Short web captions
****************************************
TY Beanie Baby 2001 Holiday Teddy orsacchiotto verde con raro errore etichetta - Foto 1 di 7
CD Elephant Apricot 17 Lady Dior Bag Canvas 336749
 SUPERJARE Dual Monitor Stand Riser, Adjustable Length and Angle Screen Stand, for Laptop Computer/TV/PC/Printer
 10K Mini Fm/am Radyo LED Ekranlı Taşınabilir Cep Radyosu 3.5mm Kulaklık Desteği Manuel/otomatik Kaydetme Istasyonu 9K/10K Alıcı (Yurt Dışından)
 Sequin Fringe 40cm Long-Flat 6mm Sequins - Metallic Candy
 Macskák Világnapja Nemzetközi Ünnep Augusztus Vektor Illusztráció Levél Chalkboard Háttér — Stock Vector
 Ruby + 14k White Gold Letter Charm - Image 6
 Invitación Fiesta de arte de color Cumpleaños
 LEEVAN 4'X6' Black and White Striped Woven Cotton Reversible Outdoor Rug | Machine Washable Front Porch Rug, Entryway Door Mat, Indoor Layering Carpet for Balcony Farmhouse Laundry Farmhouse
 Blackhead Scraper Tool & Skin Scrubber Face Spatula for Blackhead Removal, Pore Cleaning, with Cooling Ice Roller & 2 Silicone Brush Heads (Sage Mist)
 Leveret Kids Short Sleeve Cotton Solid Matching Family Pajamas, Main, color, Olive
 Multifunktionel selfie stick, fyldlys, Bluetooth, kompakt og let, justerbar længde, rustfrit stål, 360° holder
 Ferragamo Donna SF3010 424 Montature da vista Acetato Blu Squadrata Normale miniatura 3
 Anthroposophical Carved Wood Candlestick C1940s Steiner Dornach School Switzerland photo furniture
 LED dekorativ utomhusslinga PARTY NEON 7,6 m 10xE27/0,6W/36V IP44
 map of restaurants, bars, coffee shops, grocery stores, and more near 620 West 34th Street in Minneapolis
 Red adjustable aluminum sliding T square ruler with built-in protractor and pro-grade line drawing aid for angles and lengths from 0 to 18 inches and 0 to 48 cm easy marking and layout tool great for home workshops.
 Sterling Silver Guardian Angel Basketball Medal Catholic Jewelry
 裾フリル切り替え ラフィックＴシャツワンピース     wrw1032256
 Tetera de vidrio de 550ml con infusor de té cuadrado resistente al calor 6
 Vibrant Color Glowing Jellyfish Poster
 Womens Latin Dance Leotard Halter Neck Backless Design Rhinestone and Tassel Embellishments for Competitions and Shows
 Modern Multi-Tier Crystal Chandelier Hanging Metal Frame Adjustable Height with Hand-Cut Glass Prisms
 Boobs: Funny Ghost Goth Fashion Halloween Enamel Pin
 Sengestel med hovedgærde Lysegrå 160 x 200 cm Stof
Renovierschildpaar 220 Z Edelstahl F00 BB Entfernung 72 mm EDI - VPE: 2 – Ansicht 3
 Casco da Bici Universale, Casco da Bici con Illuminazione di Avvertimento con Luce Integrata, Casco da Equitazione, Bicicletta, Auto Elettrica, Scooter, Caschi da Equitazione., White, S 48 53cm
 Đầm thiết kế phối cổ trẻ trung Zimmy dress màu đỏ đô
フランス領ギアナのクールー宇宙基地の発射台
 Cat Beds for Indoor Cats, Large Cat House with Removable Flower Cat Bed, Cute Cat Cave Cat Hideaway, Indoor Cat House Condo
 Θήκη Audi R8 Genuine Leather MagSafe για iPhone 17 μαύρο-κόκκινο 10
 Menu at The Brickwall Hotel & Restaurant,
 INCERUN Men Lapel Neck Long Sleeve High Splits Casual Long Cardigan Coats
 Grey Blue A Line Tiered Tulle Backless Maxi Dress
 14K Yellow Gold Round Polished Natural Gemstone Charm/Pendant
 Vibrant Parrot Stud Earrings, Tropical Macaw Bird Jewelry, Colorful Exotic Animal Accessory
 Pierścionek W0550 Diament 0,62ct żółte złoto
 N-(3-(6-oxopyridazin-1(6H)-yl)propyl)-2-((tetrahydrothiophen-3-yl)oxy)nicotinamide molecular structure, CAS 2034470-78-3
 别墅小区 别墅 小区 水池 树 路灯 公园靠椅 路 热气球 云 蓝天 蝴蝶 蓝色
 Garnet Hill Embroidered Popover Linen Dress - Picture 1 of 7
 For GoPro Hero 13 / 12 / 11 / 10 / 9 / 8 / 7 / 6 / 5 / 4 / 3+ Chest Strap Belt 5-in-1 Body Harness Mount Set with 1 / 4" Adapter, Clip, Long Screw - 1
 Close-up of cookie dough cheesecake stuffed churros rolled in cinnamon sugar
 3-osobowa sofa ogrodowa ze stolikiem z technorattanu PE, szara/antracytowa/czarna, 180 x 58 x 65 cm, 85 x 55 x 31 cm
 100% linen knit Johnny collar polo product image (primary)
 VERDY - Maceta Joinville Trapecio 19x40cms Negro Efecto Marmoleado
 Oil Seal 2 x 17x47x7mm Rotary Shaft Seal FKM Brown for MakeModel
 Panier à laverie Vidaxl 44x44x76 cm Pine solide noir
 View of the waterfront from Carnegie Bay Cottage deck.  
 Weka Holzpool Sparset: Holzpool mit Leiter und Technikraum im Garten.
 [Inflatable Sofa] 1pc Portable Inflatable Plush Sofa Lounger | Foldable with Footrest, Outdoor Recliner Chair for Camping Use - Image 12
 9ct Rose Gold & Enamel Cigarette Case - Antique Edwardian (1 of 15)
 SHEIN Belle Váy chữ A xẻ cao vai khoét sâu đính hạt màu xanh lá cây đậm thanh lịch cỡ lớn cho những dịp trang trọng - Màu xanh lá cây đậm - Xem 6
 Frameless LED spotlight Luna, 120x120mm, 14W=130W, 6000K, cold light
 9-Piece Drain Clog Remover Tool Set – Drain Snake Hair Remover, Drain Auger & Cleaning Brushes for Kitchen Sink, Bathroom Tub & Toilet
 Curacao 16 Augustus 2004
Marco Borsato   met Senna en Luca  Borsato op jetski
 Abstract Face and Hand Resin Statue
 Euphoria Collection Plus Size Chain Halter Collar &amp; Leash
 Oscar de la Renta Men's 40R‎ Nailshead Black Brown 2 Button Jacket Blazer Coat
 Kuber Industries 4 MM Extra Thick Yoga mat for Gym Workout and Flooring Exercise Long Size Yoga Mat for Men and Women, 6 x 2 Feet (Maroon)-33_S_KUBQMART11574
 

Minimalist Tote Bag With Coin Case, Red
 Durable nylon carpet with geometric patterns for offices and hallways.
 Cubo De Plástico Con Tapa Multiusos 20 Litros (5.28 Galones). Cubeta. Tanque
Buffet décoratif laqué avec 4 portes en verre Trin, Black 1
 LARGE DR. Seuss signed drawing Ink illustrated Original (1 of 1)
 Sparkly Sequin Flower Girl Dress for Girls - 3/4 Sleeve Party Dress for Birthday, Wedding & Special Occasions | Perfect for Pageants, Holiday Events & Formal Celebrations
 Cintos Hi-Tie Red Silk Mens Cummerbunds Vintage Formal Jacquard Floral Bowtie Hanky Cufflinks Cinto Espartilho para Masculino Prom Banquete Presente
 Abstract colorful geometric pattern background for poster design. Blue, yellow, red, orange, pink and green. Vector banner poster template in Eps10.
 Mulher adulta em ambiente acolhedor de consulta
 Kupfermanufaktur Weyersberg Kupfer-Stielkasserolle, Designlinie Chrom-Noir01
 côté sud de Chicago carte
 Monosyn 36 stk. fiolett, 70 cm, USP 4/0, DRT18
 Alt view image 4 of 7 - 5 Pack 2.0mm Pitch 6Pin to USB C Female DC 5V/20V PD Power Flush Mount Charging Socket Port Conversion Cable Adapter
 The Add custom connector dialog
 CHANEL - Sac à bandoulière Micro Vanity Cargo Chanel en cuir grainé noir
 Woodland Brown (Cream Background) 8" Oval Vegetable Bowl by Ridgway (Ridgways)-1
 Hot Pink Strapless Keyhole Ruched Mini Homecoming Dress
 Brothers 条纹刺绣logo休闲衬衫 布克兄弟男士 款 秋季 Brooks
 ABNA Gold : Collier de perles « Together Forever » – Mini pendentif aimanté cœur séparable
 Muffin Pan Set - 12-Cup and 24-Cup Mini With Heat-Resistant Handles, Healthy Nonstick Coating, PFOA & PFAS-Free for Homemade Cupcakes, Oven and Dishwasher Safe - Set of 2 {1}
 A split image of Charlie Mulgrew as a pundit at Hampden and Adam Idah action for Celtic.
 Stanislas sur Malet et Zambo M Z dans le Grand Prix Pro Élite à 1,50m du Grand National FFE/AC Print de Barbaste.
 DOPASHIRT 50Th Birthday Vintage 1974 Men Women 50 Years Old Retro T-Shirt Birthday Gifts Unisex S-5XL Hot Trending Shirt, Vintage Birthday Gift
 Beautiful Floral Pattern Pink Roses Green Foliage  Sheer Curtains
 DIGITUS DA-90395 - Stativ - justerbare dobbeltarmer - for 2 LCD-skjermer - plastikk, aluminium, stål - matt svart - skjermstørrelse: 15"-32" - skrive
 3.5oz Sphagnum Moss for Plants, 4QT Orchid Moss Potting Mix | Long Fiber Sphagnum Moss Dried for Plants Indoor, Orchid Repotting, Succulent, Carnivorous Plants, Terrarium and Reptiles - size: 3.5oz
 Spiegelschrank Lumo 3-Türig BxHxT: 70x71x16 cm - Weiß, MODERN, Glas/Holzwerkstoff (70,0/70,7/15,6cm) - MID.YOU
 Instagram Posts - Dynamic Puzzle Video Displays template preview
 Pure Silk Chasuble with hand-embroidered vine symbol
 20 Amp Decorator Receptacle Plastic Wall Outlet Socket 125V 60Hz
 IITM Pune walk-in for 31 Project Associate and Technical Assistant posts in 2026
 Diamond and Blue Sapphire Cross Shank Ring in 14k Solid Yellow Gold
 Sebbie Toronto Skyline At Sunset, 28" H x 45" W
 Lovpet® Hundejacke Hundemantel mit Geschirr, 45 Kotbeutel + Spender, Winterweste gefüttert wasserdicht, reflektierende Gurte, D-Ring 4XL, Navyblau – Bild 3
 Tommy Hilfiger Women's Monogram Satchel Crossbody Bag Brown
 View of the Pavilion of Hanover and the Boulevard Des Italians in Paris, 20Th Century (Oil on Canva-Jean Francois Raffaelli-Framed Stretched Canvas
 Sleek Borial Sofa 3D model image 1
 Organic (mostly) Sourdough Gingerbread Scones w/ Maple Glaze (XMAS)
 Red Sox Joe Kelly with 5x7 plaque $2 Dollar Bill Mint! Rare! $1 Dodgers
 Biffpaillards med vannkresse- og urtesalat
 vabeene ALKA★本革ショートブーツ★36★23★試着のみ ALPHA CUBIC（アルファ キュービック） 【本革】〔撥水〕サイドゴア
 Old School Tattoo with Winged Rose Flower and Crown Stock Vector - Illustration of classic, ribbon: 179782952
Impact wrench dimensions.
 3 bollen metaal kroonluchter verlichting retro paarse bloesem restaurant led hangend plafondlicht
****************************************
◆ Task statement ◆
Tally every line of the data that holds the word "Adapter" and write the count alone.

◆ Solution to the problem ◆
2